● **TASK GOAL**
Starting at the top line and ending at the last, restate the records exactly.
Start of DATA EXTRACT
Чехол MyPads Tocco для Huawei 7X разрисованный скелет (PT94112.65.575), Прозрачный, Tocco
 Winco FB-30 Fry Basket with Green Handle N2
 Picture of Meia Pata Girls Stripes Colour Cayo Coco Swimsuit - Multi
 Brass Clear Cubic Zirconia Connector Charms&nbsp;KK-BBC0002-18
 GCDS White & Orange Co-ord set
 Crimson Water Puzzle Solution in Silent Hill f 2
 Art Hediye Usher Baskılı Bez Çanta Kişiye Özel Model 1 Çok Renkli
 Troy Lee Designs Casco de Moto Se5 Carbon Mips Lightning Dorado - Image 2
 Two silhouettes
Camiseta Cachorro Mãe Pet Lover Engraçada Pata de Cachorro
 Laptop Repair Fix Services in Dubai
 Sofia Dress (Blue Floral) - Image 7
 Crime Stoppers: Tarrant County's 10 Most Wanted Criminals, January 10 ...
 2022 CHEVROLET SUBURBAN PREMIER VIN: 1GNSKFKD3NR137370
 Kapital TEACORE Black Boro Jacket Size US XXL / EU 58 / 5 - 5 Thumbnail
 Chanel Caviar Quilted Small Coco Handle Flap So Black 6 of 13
End of DATA EXTRACT
● **EXERCISE SOLUTION**
Чехол MyPads Tocco для Huawei 7X разрисованный скелет (PT94112.65.575), Прозрачный, Tocco
 Winco FB-30 Fry Basket with Green Handle N2
 Picture of Meia Pata Girls Stripes Colour Cayo Coco Swimsuit - Multi
 Brass Clear Cubic Zirconia Connector Charms&nbsp;KK-BBC0002-18
 GCDS White & Orange Co-ord set
 Crimson Water Puzzle Solution in Silent Hill f 2
 Art Hediye Usher Baskılı Bez Çanta Kişiye Özel Model 1 Çok Renkli
 Troy Lee Designs Casco de Moto Se5 Carbon Mips Lightning Dorado - Image 2
 Two silhouettes
Camiseta Cachorro Mãe Pet Lover Engraçada Pata de Cachorro
 Laptop Repair Fix Services in Dubai
 Sofia Dress (Blue Floral) - Image 7
 Crime Stoppers: Tarrant County's 10 Most Wanted Criminals, January 10 ...
 2022 CHEVROLET SUBURBAN PREMIER VIN: 1GNSKFKD3NR137370
 Kapital TEACORE Black Boro Jacket Size US XXL / EU 58 / 5 - 5 Thumbnail
 Chanel Caviar Quilted Small Coco Handle Flap So Black 6 of 13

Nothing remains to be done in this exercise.